Thursday, 2 July 2015

How To Use Data To Outsmart Your Competitors

(Image: Geralt via Pixabay)
The pressure's on to use data to outsmart your competitors. Here are six ways companies can use data to imagine and even re-imagine what's possible.

(Image: Geralt via Pixabay)
"Business as usual" can be a risky business practice, especially when there's cultural resistance to change. While some companies are embracing agile practices, there are a number of data-related barriers that keep companies from reaching their potential, most of which have to do with people, processes, and technology.
Industry disruptors make a point of using data in ways that other companies have not mastered, or may have not even considered. According to McKinsey & Company, most established businesses have not yet achieved impact at scale.
The clock is ticking, though, because the ability to leverage data is becoming less optional with time. For one thing, the competitive pressures have become obvious in virtually every industry. In addition, having a coherent data strategy is becoming a requirement on Wall Street. According to a forthcoming survey by Institutional Investor and KPMG, 24% of analysts have already revisited their opinion of a company or revalued it based on its data and analytics strategy. By 2018, that number will nearly double to 45%.
"When you think about the 6,000 publicly listed companies in North America, that's about $30 trillion of market cap," said Marshall Toplansky, managing director of KPMG Advisory Services, in an interview. "It seems it's going to be a very high-stakes game. Change is going to be forced on [public companies] if they don’t embrace it themselves."

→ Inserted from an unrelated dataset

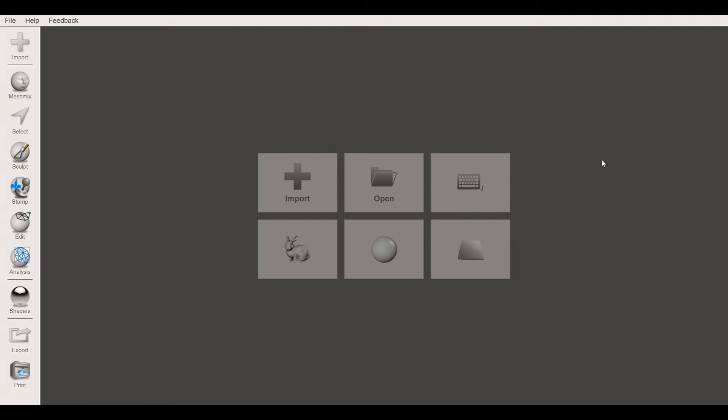So today we're going to look at the program we're going to be working with, the editing program called MeshMixer. That's the first program that you're going to want to use, and when you come into the makerspace at St. Michael's, you'll be directed to open this up and to be able to work with it. So it's got a couple of things to it, but let's get into it a little bit.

Corporate culture is a major obstacle, however. Most companies are so vested in perpetuating their current business model that they want everything having to do with data and analytics to tie back to that business model, Toplansky said. They're also clinging to age-old decision-making processes.

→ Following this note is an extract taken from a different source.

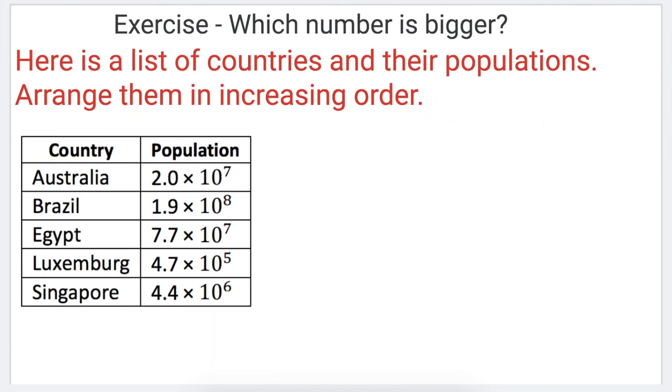Here's a quick pro tip: whenever you're comparing scientific numbers, the first thing you need to do is look at the exponents of 10 — don't compare the decimal part first, always compare the exponents of 10 first. Now that you've learned the basics of comparing scientific numbers, here's a list of countries and their populations. Your task is to arrange these countries in increasing order, meaning the smallest number first and the biggest number last. Good luck!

"[For] most companies, when you think about how decisions are made, what comes to mind is a bunch of people who are smart sitting around a conference room table, diving into new pieces of information that they might not have had before in order to create new insights that would allow them to make a decision that might be different from a decision they made before," Toplansky said. "Data analytics isn't about insights. It's about speed."
There is also a misconception that more of the same data types will enable companies to magically realize significant business improvements -- even though it's outside data that's driving the data analytics revolution.
"The view is limited by the inputs and the data that [decision makers have] been using to model it in the past," Toplansky said. "It's being able to pull in unstructured, semi-structured, and structured data from outside data sources, put them into models, and see how they correlate with performance, that opens up companies to new ways of thinking."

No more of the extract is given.